As a first exercise, quantify the number of pad tokens being used in various situations:
1. You pad all batches to the maximum allowed sequence length (1024 for GPT-2, this is what we used so far)
2. You pad the entire batch to the length of the longest sequence in the batch (generate the batches by randomly sampling sentences)
3. You pad the entire batch to the length of the longest sequence in the batch (generate the batches by placing sentences of similar lengths together)

Next, introduce dynamic padding and compare the execution times of the previous execution and the one with dynamic padding.

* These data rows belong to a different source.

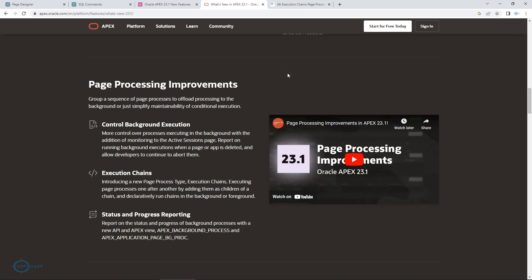Bismillahirrahmanirrahim, assalamu alaikum. Welcome to our first video on Oracle APEX 23.1 new features. In this video I'm going to discuss page processing improvements.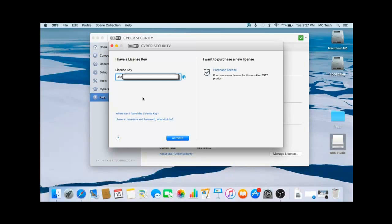Once the license key is filled in with all the dashes and characters at the bottom, click on Activate.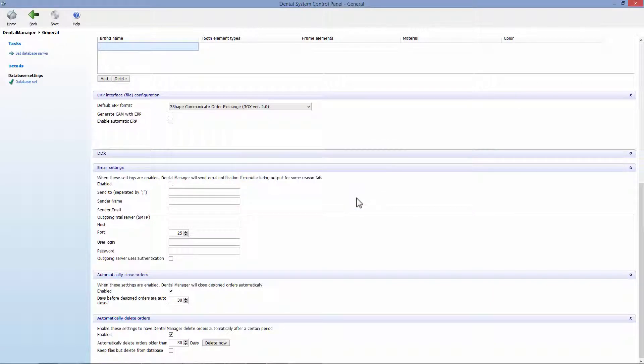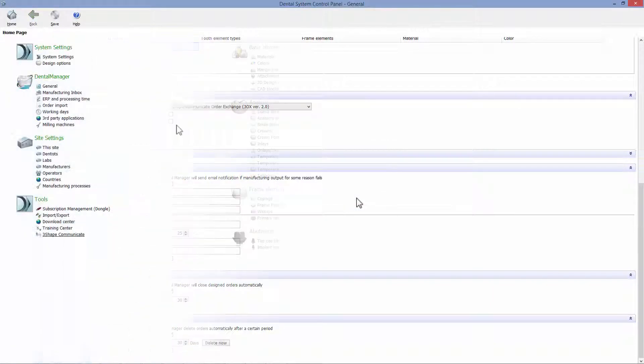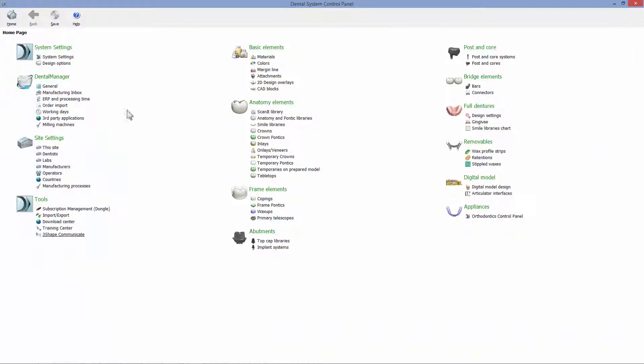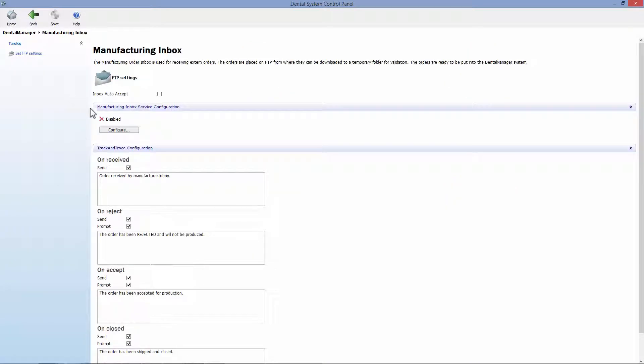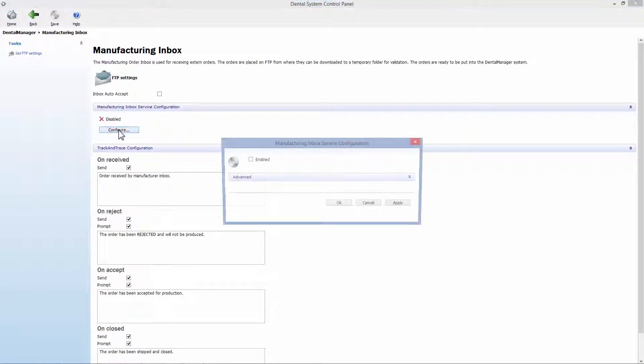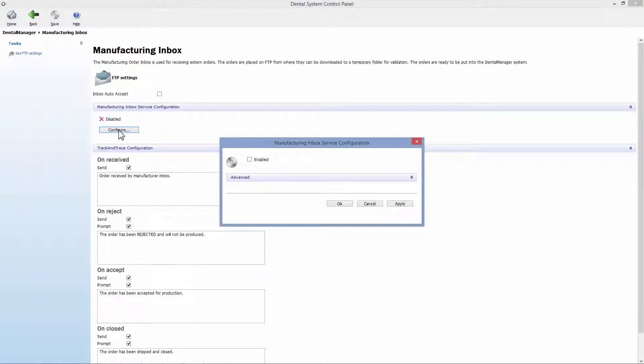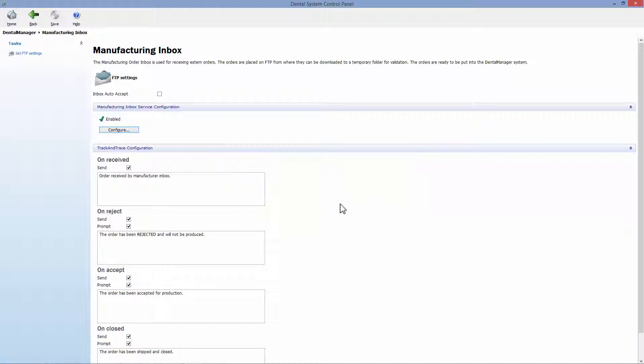You're able to use Inbox as a service. Go to Control Panel Manufacturing Inbox and then click configure in the Manufacturing Inbox Service configuration tab. This prevents freezing of the dental manager when orders are being processed in the Inbox.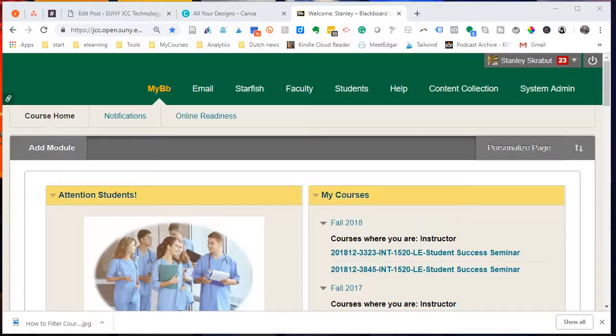Every term we create new course shells and they start out empty. If you've taught a course before, one of the things that you're going to want to do is copy the course material from a previous course into the new course. Let's show you how to do that.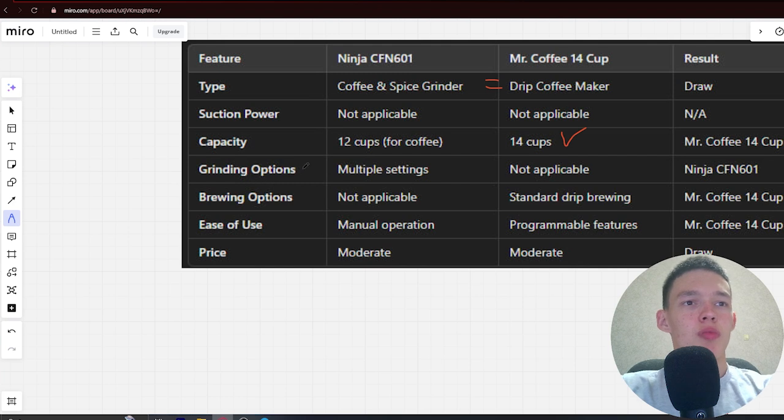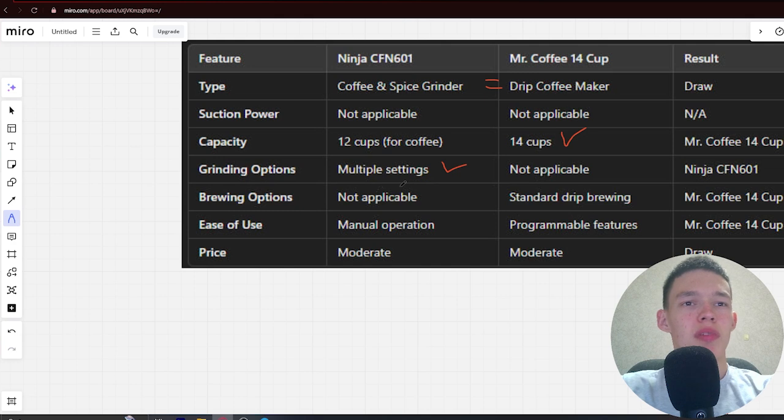Next, grinding options: multiple settings and not applicable. Winner: Ninja. Next, brewing options: not applicable and standard drip brewing. Winner: Mr. Coffee.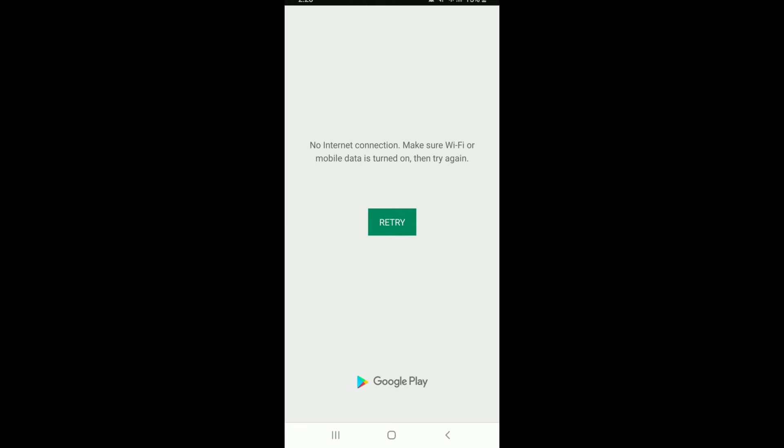But if you have an internet connection and it's working just fine, but you're not being able to open up your Play Store, then there might be a couple of reasons for that.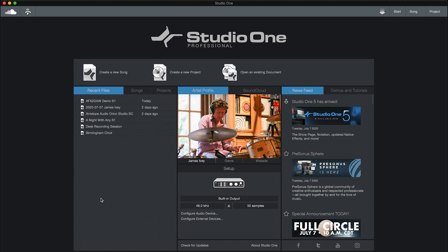The first thing to do is to tell Studio One which interface we wish to use. The home screen of Studio One is the best and easiest place to make most of the settings and adjustments required when setting up a new interface.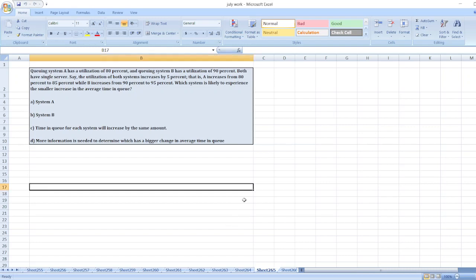Hey guys, the question is queuing system A has a utilization of 80% and queuing system B has a utilization of 90%. Both have single server.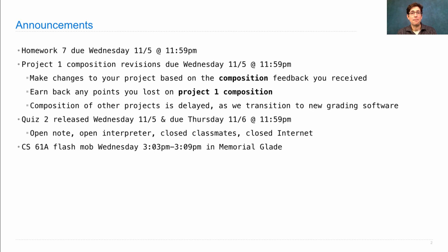For the first time ever, we're going to bring together everybody in the class in a flash mob. A flash mob is just where a lot of people show up at the same place at the same time briefly and then go away. This flash mob will happen today, Wednesday, from 3:03 to 3:09, just after lecture, in Memorial Glade. We'll organize a little bit, say hello to a few people, take a photo, and that will be it. See you there.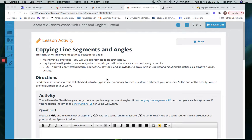All right, you guys, we are in the last section in unit two — geometric constructions with lines and angles. This is slide number eight.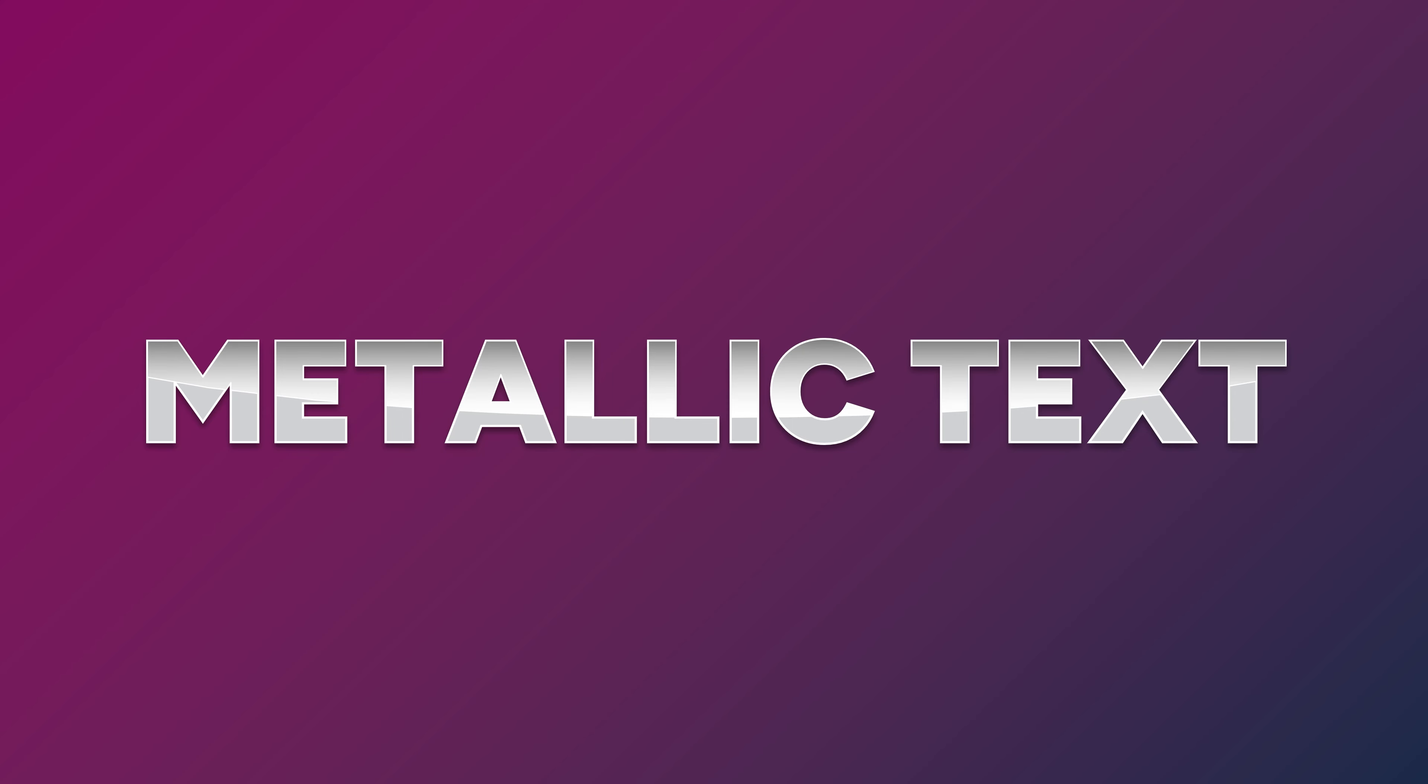Hi everyone and welcome back to another video. In this short tutorial I'm going to be showing you how you can make this cool metallic text effect directly in PowerPoint. So let's jump straight into it.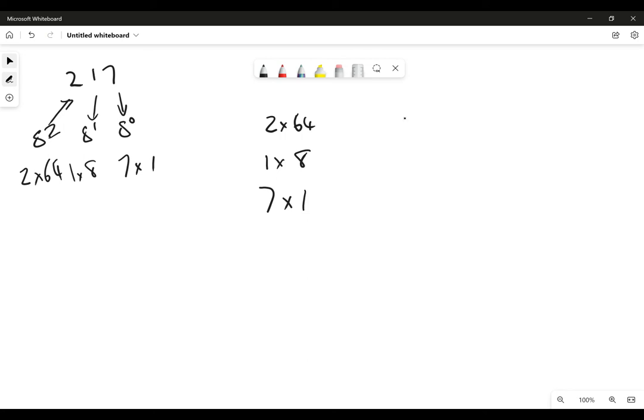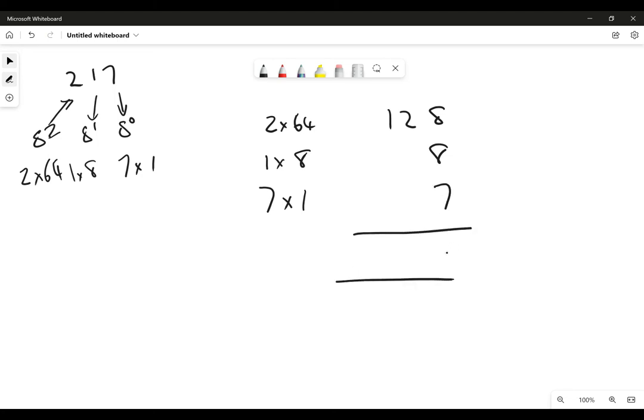So let's put that in a grid. 2 times 64 is 128, 1 times 8 is 8, 7 times 1 is 7, and you add those together, which gives us 23, and then 2 plus 2 is 4, and then 1 plus nothing is 1.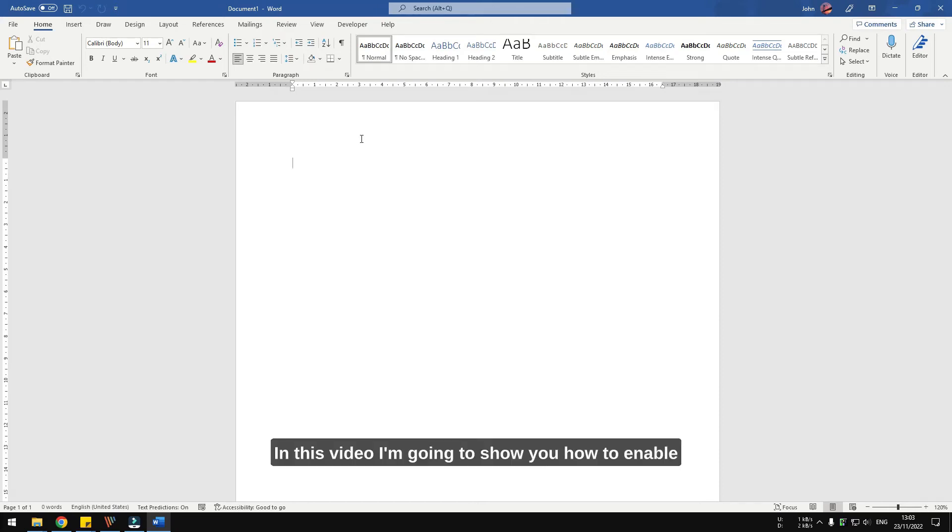Hi, in this video I'm going to show you how to enable autosave in Microsoft Word so you can write in peace.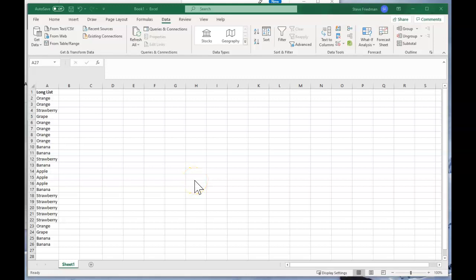Hello, I'm Steve Friedman with Rockstar Excel. Today I'm going to show you two real quick ways to remove duplicates from a list.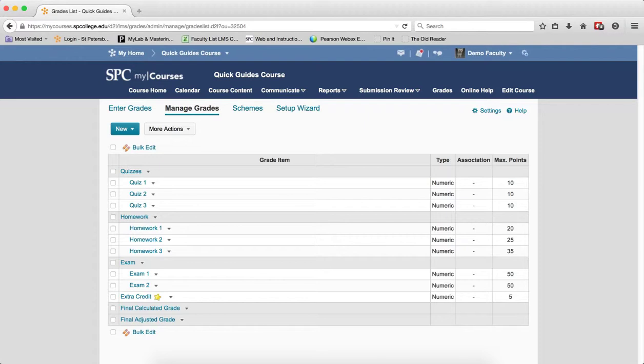This particular tutorial is going to show you how you can look at a specific student and enter or edit any grade for that student on any particular grade item that you wish.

You can use the following resources to help you with this exercise:
- `group_by_length` parameter ([TrainingArguments](https://huggingface.co/docs/transformers/v4.46.0/en/main_classes/trainer#transformers.TrainingArguments.group_by_length)) (parameter to group together samples with similar lengths)
- `DataCollatorForSeq2Seq` ([DataCollatorForSeq2Seq](https://huggingface.co/docs/transformers/main_classes/data_collator#transformers.DataCollatorForSeq2Seq)) (collator function that aggregates samples into batches and pads them to the maximum length of the batch)

Note: you may find that the validation losses you observe may be different from the previous ones. This is because the cross entropy loss is computed as an average across tokens, and the number of tokens in a batch can vary depending on the padding strategy used.